See all blog posts

The Complex Path for a Simple Portable Python Interpreter, or Snakes on a Data Plane

Snakes on a Data Plane

We needed a Python interpreter that can be shipped everywhere. You won’t believe what happened next!

In theory, Python is a portable language. You can write your script locally and distribute it to other machines with the Python interpreter. In practice, things can go wrong for a variety of reasons.

The first and simpler problem is the module system: for a script to run, all of the modules it uses must be installed. For Python-savvy users, installing them is not a problem. But for a software vendor that wants to guarantee a hassle-free experience for all sorts of users the module dependency is not always easily met.

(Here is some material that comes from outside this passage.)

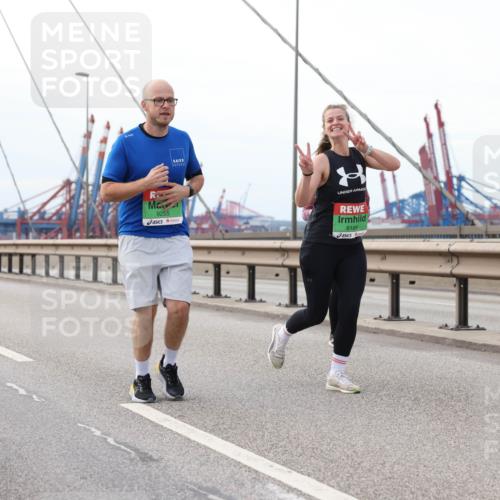 03.10.2025 - Köhlbrandbrückenlauf Lena Gebhardt http://msf.ph/oto/9131007 03.10.2025 16:06:55 Position 2 9255, 8186 meine-sportfotos.de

Second, Python is not a language, but actually two languages: under the name Python, there are Python2 and Python3. And while Python2 is set to be deprecated soon (which has been a true statement for the past decade, btw!) and bleeding-edge organizations will deal with that nicely, the situation is much different in old-school enterprise: RHEL7, for instance, does not ship with a Python3 interpreter at all and will still be supported under Red Hat policies for years to come.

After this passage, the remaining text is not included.